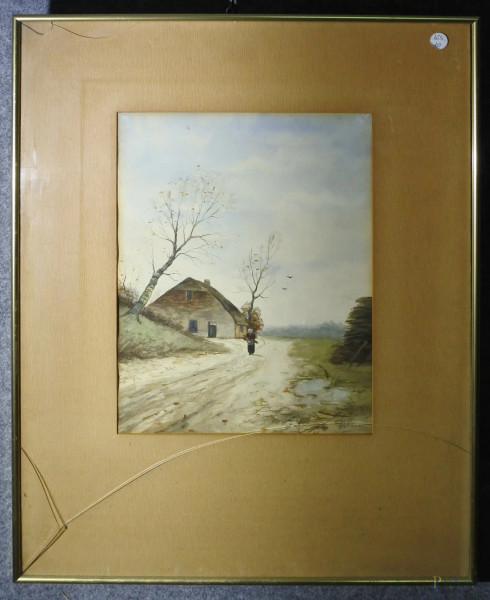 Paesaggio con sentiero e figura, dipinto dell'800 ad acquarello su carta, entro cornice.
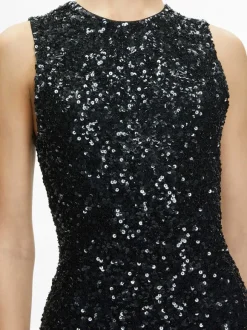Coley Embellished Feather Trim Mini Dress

···

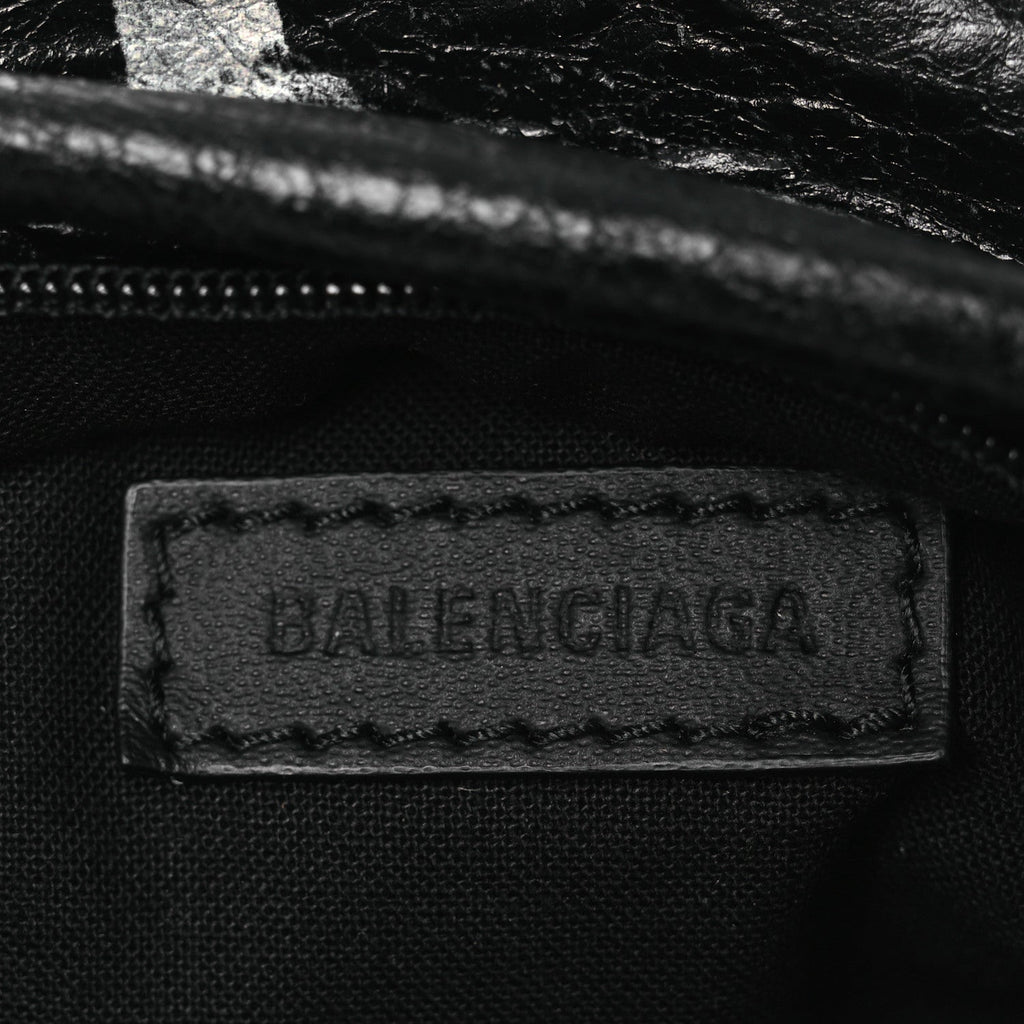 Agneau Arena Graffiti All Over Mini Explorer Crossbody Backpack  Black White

···

**Brief**:
The lines to set down run from the line with "Paesaggio con sentiero" up to and including the line with "Coley Embellished Feather Trim Mini Dress" in the entries above. Reproduce them exactly, with no pictures.

**Task response**:
 Paesaggio con sentiero e figura, dipinto dell'800 ad acquarello su carta, entro cornice.
Coley Embellished Feather Trim Mini Dress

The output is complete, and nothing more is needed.